___ DATA BLOCK ___

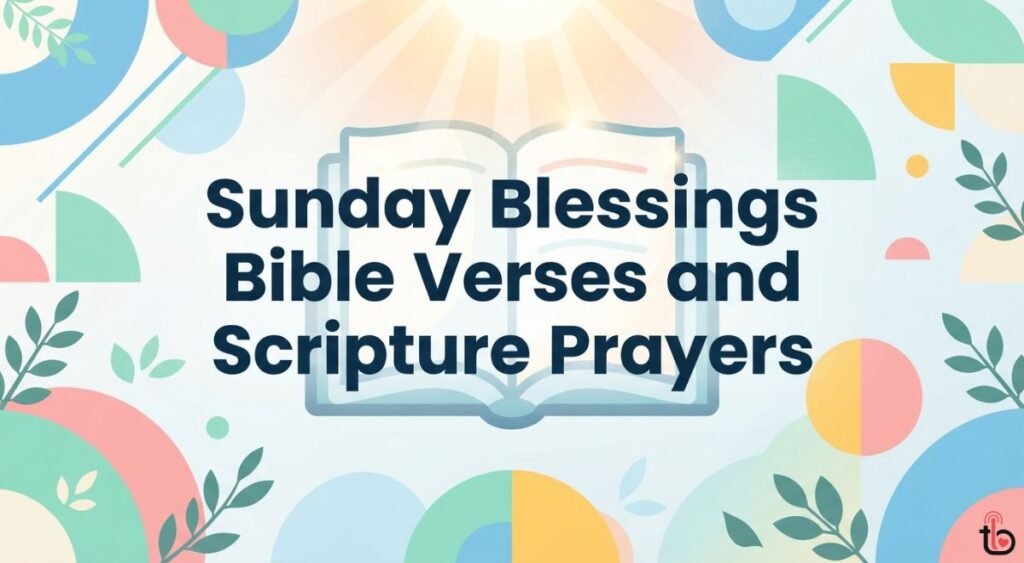 Sunday Blessings Bible Verses and Scripture Prayers
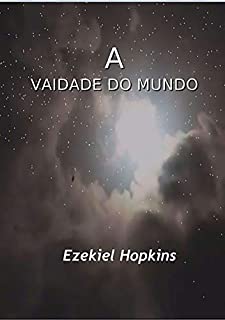 Livro A Vaidade Do Mundo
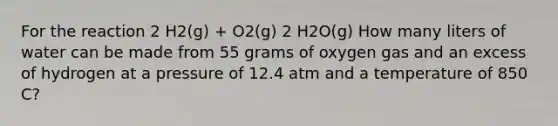 For the reaction 2 H2(g) + O2(g) 2 H2O(g) How many liters of water can be made from 55 grams of oxygen gas and an excess of hydrogen at a pressure of 12.4 atm and a temperature of 850 C?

___

- **ACTIVITY**: Please copy out the whole listing exactly as it stands, minus the pictures.

- **SOLUTION BELOW**:
 Sunday Blessings Bible Verses and Scripture Prayers
 Livro A Vaidade Do Mundo
 For the reaction 2 H2(g) + O2(g) 2 H2O(g) How many liters of water can be made from 55 grams of oxygen gas and an excess of hydrogen at a pressure of 12.4 atm and a temperature of 850 C?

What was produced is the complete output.